> **What needs to be done**:
Find the line with "فروش نارنگی برگی" and the line with "Black-shouldered Kite - ML625665824" in the entries below; output exactly those two lines, every line between them, and no others.

> **Supplied data**:
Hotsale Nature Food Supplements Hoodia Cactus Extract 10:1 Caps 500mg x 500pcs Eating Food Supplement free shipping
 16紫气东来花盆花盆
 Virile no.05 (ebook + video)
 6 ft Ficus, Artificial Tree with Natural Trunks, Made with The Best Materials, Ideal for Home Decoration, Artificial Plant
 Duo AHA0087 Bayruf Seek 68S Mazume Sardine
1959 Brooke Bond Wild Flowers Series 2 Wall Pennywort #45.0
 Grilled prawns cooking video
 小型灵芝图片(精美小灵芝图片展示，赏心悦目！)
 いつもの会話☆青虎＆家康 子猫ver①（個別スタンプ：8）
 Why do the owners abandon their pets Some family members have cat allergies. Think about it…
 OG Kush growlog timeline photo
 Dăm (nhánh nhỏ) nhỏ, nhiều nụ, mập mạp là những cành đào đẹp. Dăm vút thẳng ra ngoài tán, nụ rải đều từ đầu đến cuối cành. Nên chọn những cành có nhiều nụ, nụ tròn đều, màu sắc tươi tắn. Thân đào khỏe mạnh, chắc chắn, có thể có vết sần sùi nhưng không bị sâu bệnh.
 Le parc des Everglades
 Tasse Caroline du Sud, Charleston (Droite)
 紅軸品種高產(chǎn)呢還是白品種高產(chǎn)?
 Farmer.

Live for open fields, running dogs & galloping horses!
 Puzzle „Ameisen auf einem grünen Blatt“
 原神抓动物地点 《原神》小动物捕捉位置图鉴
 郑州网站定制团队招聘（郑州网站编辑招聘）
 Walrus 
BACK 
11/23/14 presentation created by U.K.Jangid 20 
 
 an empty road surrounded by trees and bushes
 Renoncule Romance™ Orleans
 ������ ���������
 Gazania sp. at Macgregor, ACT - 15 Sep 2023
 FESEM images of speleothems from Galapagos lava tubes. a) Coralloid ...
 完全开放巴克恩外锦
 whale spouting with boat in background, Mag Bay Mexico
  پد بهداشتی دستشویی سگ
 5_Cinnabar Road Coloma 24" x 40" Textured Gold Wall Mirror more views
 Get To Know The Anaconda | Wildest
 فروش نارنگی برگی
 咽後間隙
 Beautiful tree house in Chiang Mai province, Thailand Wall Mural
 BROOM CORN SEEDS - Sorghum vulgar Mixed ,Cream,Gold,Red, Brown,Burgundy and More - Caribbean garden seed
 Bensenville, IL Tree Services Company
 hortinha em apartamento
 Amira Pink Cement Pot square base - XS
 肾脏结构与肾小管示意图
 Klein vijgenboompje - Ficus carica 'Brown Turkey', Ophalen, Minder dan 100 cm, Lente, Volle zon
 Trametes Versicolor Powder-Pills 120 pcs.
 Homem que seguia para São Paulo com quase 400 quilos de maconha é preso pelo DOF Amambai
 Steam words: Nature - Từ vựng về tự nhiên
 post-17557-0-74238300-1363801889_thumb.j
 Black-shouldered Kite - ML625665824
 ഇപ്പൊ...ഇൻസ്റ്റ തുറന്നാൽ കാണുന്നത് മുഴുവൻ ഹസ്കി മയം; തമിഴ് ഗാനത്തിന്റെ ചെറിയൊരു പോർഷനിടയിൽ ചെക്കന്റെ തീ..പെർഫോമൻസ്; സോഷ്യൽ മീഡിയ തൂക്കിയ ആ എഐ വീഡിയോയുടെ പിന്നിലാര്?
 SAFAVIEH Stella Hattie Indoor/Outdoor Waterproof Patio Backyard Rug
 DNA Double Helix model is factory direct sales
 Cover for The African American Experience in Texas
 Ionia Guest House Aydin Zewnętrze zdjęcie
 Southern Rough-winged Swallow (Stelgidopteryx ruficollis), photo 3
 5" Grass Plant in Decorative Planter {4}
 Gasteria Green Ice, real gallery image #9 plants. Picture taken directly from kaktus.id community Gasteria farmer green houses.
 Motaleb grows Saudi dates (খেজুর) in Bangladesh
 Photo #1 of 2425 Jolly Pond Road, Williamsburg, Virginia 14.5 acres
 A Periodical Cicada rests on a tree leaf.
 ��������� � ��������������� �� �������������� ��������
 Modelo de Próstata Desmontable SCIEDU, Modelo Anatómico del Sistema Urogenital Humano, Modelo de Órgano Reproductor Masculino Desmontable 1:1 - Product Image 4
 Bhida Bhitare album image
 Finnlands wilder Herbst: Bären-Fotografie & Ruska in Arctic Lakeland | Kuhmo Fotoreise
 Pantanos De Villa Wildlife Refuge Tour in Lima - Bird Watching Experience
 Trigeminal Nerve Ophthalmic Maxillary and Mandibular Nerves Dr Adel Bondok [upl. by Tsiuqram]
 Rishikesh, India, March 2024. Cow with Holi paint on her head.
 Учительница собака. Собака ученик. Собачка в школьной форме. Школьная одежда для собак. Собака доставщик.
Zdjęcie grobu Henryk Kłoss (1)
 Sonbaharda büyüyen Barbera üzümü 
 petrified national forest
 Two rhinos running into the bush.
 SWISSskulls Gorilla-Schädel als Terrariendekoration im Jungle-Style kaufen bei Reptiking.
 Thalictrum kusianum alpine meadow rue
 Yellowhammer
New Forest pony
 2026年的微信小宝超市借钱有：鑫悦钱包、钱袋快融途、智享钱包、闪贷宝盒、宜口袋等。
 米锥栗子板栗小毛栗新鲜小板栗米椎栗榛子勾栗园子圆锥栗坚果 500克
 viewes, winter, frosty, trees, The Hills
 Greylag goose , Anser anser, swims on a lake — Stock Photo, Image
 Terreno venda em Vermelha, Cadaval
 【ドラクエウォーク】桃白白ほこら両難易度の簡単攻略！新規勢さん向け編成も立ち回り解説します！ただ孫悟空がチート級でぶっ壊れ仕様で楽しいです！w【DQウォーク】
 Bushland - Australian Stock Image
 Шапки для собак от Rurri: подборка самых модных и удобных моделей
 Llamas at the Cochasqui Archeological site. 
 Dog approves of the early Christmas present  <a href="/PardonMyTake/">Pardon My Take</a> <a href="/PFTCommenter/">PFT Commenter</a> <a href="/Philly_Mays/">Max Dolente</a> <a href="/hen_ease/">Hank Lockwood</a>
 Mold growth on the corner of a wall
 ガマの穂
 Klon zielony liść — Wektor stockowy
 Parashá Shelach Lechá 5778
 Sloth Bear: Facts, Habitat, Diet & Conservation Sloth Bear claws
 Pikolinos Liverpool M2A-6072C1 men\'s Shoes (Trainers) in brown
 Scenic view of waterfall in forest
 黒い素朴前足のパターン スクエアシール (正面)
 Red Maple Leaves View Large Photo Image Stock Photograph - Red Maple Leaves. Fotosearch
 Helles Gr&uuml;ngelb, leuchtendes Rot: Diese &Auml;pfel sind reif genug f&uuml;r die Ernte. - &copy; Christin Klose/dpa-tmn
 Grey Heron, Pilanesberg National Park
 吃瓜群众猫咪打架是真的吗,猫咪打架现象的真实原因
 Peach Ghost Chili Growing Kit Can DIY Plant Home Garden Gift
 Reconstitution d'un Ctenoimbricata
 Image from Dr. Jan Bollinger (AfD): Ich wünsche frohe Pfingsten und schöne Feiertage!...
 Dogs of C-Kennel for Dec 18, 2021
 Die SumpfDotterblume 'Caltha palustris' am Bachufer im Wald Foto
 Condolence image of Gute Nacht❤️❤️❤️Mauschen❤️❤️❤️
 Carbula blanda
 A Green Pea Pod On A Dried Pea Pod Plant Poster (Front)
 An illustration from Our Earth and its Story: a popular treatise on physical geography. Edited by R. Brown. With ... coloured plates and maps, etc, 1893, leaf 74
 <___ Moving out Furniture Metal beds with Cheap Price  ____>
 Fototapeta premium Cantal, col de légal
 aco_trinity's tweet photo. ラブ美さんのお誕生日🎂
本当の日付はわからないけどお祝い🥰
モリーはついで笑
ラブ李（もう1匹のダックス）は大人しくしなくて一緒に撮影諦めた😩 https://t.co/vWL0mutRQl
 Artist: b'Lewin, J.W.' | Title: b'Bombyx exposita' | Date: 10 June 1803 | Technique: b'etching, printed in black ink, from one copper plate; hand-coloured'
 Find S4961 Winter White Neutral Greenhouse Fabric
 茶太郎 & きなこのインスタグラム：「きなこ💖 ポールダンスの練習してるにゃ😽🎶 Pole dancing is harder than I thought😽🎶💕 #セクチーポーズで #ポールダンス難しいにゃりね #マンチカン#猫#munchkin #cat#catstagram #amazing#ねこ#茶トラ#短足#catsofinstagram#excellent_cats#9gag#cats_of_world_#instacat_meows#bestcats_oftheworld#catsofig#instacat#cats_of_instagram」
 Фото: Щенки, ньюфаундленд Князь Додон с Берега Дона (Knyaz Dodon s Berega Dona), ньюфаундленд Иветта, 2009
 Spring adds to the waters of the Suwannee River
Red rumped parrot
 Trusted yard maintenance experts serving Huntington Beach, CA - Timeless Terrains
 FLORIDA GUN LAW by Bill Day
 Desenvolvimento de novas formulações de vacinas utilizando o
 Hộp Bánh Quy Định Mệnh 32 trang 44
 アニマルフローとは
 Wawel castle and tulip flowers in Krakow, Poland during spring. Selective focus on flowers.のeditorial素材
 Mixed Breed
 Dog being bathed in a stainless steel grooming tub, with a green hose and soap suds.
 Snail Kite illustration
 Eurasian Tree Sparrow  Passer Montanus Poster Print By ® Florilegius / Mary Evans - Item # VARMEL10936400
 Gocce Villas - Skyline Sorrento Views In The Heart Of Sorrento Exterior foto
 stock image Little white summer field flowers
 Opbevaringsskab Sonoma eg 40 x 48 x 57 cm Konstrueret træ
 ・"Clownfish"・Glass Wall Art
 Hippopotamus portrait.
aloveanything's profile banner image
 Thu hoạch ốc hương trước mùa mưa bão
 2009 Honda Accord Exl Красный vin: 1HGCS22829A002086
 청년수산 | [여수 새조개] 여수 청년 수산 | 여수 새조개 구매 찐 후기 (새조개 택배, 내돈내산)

> **Your response**:
 فروش نارنگی برگی
 咽後間隙
 Beautiful tree house in Chiang Mai province, Thailand Wall Mural
 BROOM CORN SEEDS - Sorghum vulgar Mixed ,Cream,Gold,Red, Brown,Burgundy and More - Caribbean garden seed
 Bensenville, IL Tree Services Company
 hortinha em apartamento
 Amira Pink Cement Pot square base - XS
 肾脏结构与肾小管示意图
 Klein vijgenboompje - Ficus carica 'Brown Turkey', Ophalen, Minder dan 100 cm, Lente, Volle zon
 Trametes Versicolor Powder-Pills 120 pcs.
 Homem que seguia para São Paulo com quase 400 quilos de maconha é preso pelo DOF Amambai
 Steam words: Nature - Từ vựng về tự nhiên
 post-17557-0-74238300-1363801889_thumb.j
 Black-shouldered Kite - ML625665824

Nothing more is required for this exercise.